**Your task:**
From the listing that follows, reproduce only the lines from the one holding "15 July 2021, Spain, Barcelona: A" through the one holding "The winners of", both included, with no pictures.

**Dataset extract:**
- Opening Delimiter -

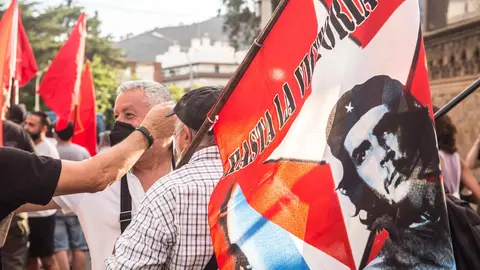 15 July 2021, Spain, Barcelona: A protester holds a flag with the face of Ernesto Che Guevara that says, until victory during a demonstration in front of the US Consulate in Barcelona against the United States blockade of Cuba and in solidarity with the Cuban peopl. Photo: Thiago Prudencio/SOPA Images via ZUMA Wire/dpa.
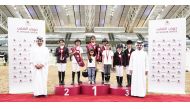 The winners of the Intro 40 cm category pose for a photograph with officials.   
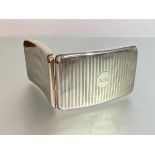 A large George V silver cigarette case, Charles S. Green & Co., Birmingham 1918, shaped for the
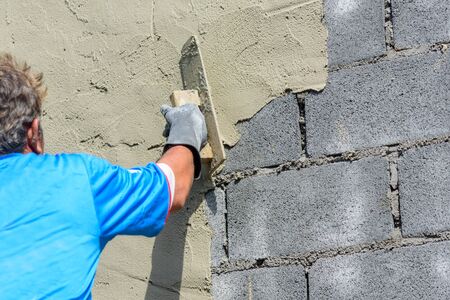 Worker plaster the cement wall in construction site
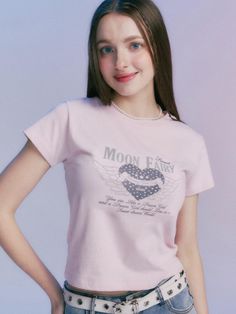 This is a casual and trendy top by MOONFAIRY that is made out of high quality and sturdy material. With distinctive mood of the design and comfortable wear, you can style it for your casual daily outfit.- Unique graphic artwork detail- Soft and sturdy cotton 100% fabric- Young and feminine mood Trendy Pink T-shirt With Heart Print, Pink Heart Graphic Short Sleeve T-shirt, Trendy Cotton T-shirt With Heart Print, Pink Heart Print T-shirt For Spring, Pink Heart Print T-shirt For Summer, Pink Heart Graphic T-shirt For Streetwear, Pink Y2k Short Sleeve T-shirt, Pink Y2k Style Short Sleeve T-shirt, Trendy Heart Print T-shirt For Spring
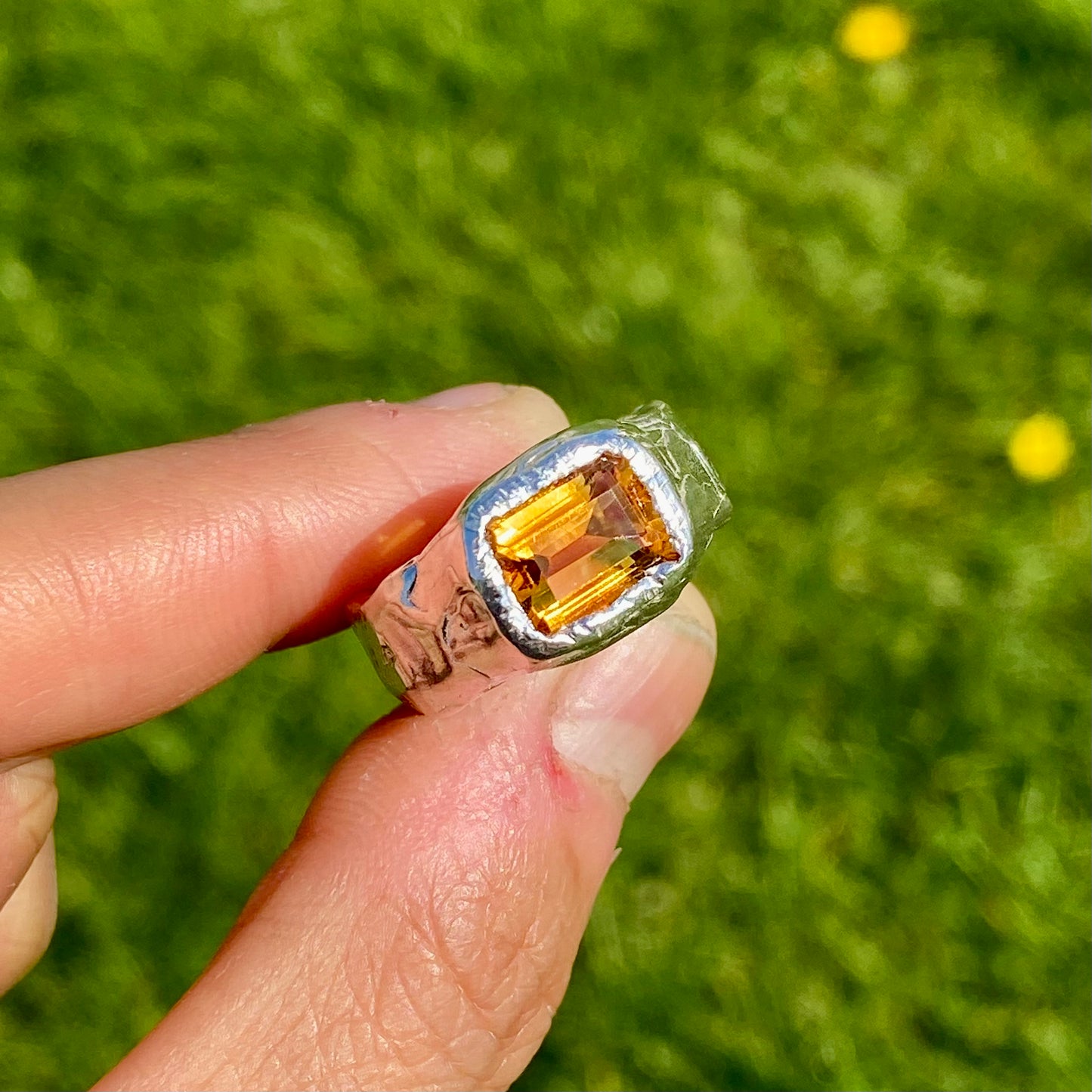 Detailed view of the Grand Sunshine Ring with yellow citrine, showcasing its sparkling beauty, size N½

- Closing Delimiter -
- Opening Delimiter -

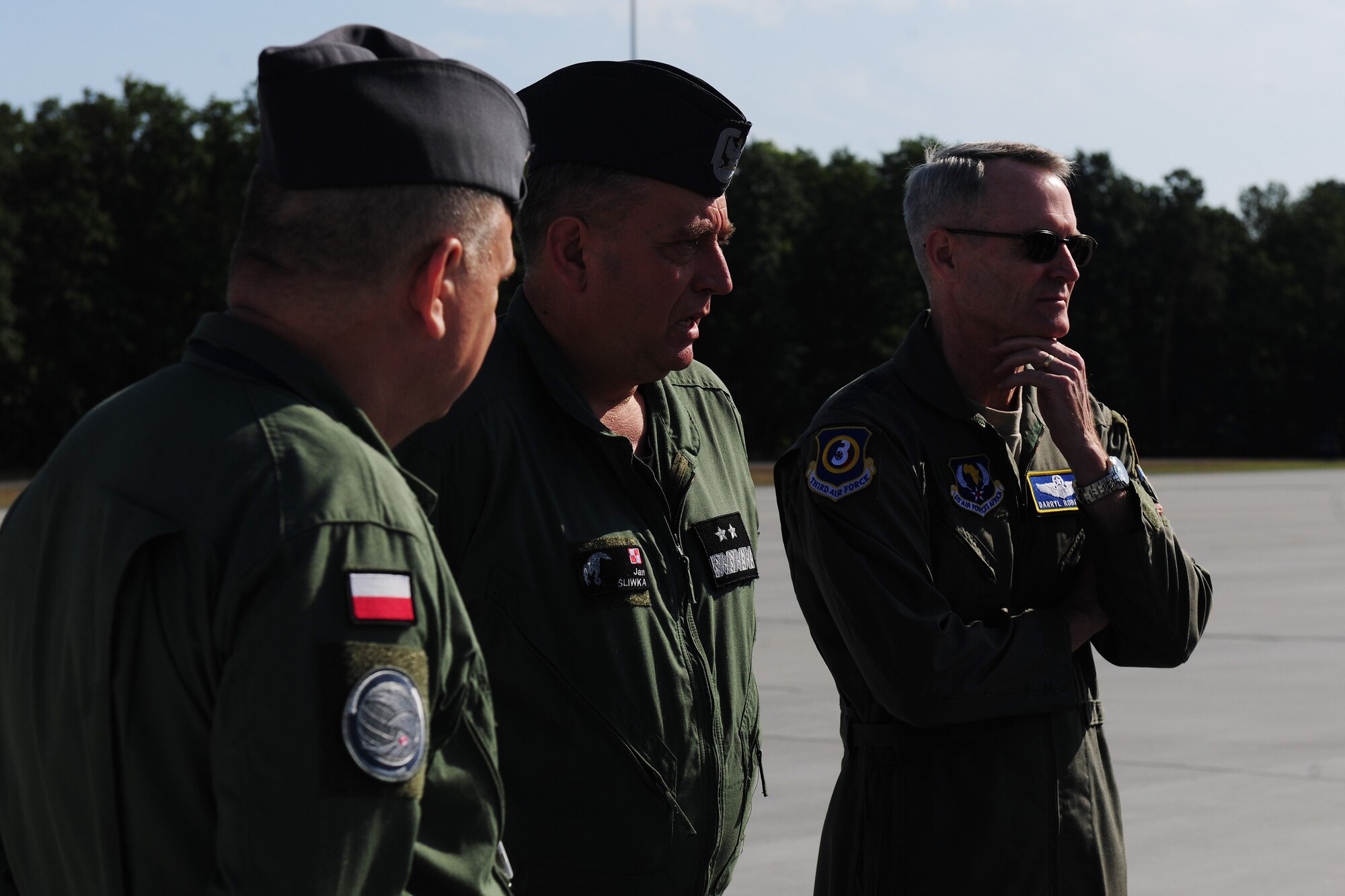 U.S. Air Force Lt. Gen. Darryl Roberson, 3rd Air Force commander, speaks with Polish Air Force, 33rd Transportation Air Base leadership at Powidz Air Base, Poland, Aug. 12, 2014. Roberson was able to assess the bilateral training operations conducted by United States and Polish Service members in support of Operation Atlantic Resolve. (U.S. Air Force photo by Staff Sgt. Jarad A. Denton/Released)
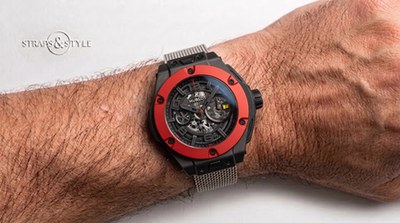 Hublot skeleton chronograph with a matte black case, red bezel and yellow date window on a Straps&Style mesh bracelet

- Closing Delimiter -

**Response area:**
 15 July 2021, Spain, Barcelona: A protester holds a flag with the face of Ernesto Che Guevara that says, until victory during a demonstration in front of the US Consulate in Barcelona against the United States blockade of Cuba and in solidarity with the Cuban peopl. Photo: Thiago Prudencio/SOPA Images via ZUMA Wire/dpa.
 The winners of the Intro 40 cm category pose for a photograph with officials.   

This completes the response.